I've wanted to make this argument in favour of _sometimes using_ skeuomorphic
(e.g. faux leather) design for a while:

All the other applications that come with Mac OS (say, iTunes, Mail.app, or
iPhoto) have clearly-defined, strongly-typed content "atoms"—respectively,
songs, messages, and pictures. The apps themselves just serve as magical
databases with filters and specifiers to find and manipulate that content.
They don't have to look like anything, because they're just "the box you put
your music in" or "the box your get your mail from."

iCal and Address Book are the two main applications in the default set that
break this pattern: they don't hold a clearly-defined type of content at all.
It's just raw information: information about events, and about people,
respectively. Because of this, you _could_ get away with simply using text
files for the same purpose, and nothing of value would be lost. It would even
be as easy to sort and search, if you have a good text editor.

So Apple needs to offer a value proposition that makes a user want to use
Address Book rather than a text file: familiarity in function and ease of
learning curve.
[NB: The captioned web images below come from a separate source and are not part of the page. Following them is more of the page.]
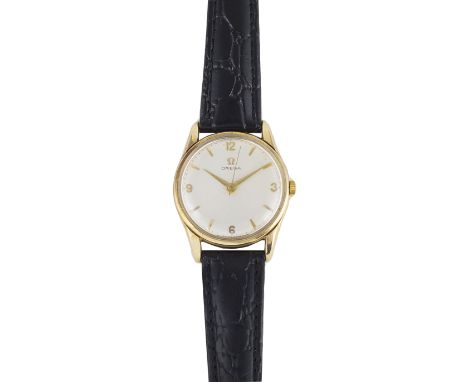 OMEGA: A GENTLEMAN’S GOLD WATCH  CIRCA 1959 calibre 284 manual wind 17 jewel movement  champagne dial with Arabic numerals at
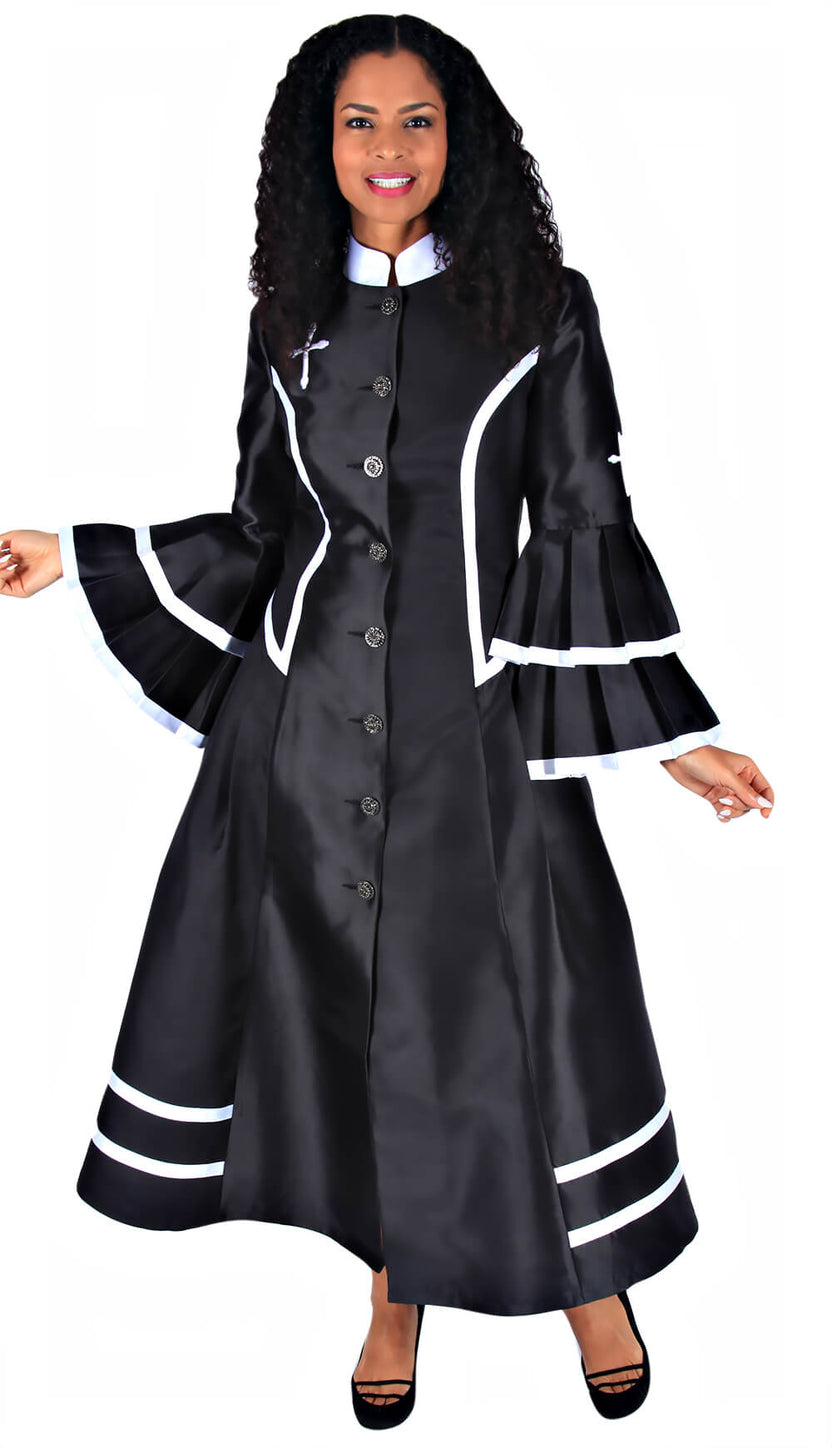 Robe Less Diana Couture Church Robe 8708-Black/White – Church suits for less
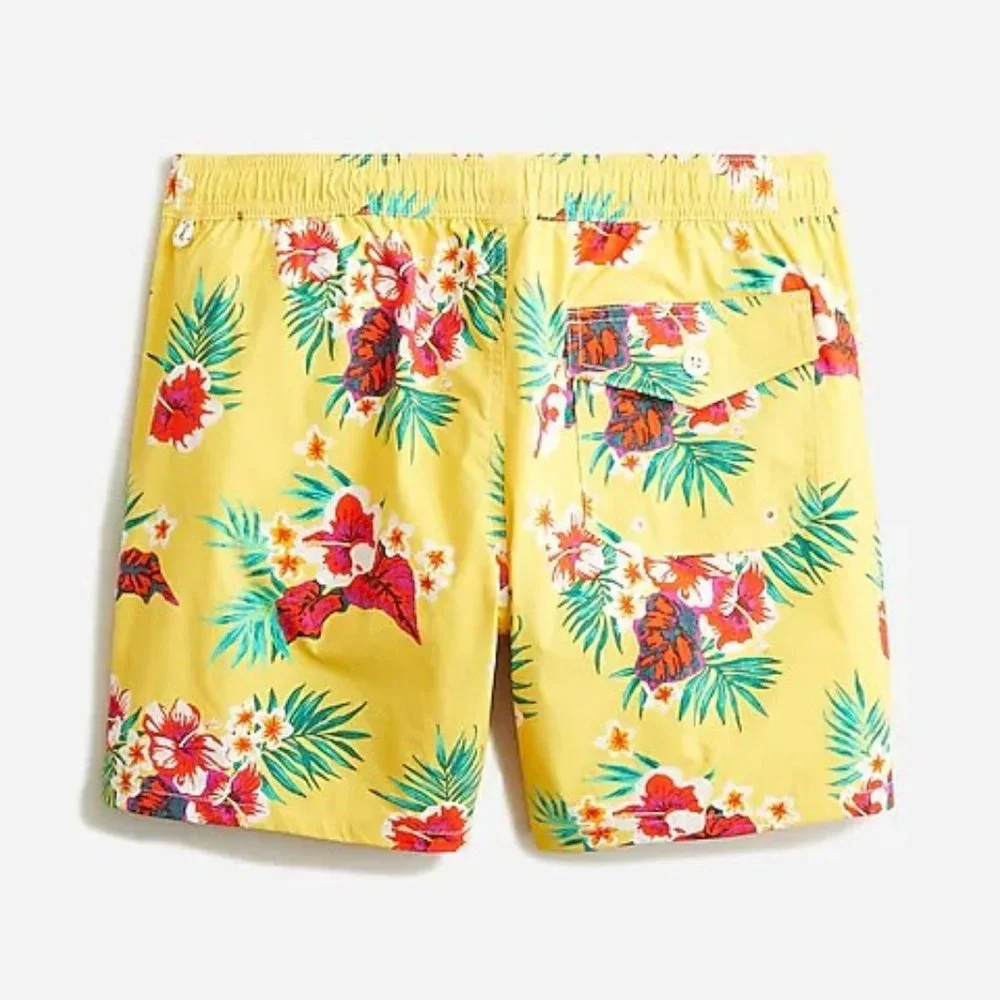 J. Crew Stretch Swim Trunk in floral print XL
In a more design-oriented view, in cases where the data itself
is arbitrary (you could technically store anything in a vCard), the software
must bring over the rules and constrictions of the physical medium to give the
proper context for the controls in the UI to actually afford their proper use.
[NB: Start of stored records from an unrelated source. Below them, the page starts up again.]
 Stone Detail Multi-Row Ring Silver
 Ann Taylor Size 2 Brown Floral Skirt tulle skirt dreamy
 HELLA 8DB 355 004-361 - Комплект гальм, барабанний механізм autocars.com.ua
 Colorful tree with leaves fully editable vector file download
A set of overlapping boxes means nothing; a set of overlapping boxes on a
screen that looks like a calendar suggests what you should use the boxes for.
A set of blank index cards seems to suggest no use whatsoever, until you bind
them into a familiar rolodex-like facade.
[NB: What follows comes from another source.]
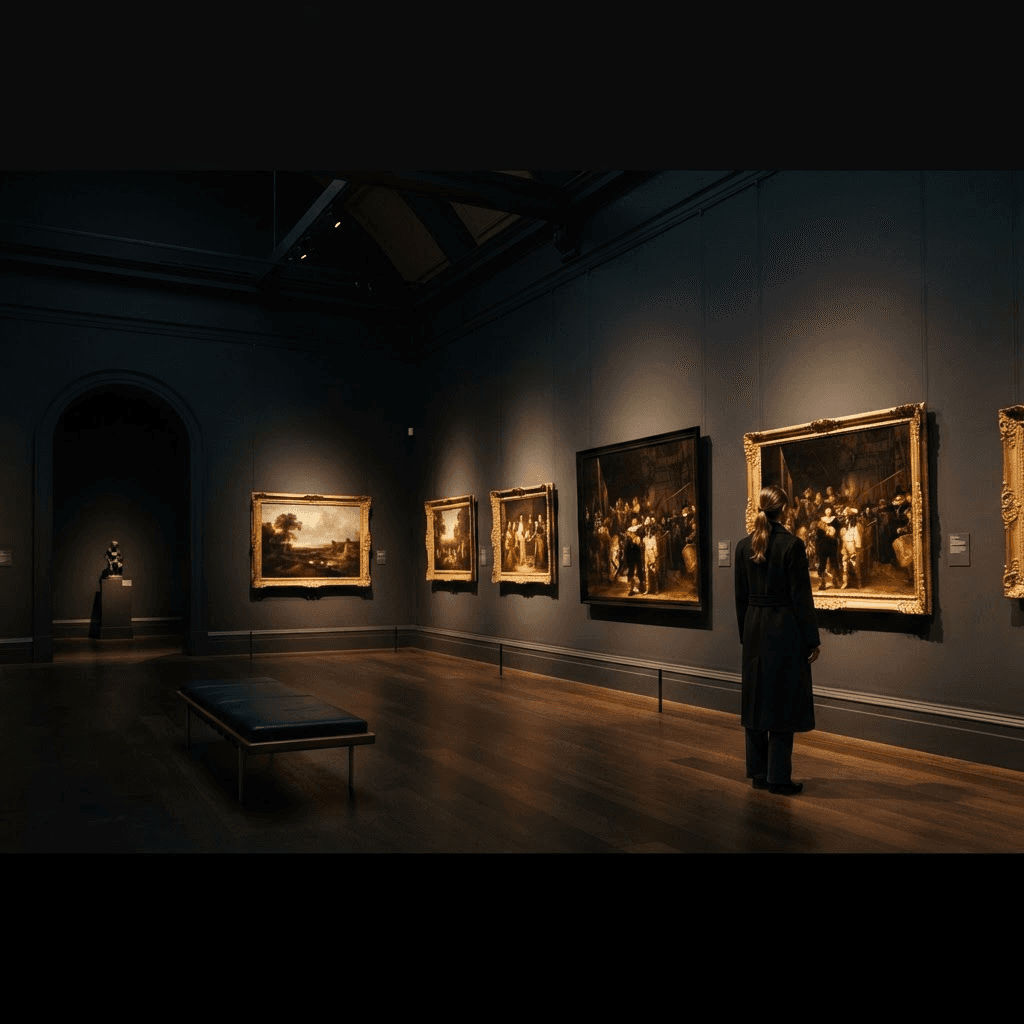 A moody high-end museum gallery interior with large ornate framed artworks glowing under warm spotlights, a lone figure viewing the art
You can see the same thing play out with the iOS apps that Apple has given
design awards: the kind that hold strongly-typed information tend to get the
UI out of the user's way, and let the information stand paramount; while the
kind that hold raw data retain a strong skeuomorphic metaphor to suggest use
over-and-above "put text here."

------
tobylane
I'd fear giving Ive too much power/ego/etc, he needs to be grounded to do what
he does. At the other end of the scale, it has been said he wants to be in UK
more (duh :P), don't know what has changed there.

------
DodgyEggplant
There was one Steve Jobs. If only two people can replace him, it's a little
miracle. A master manager, and a master designer. They can continue w/o the
ego fights. Like Bill Hewlet and the other guy (JOKING! Please spare my
carma). They will do it, we all need them to do it.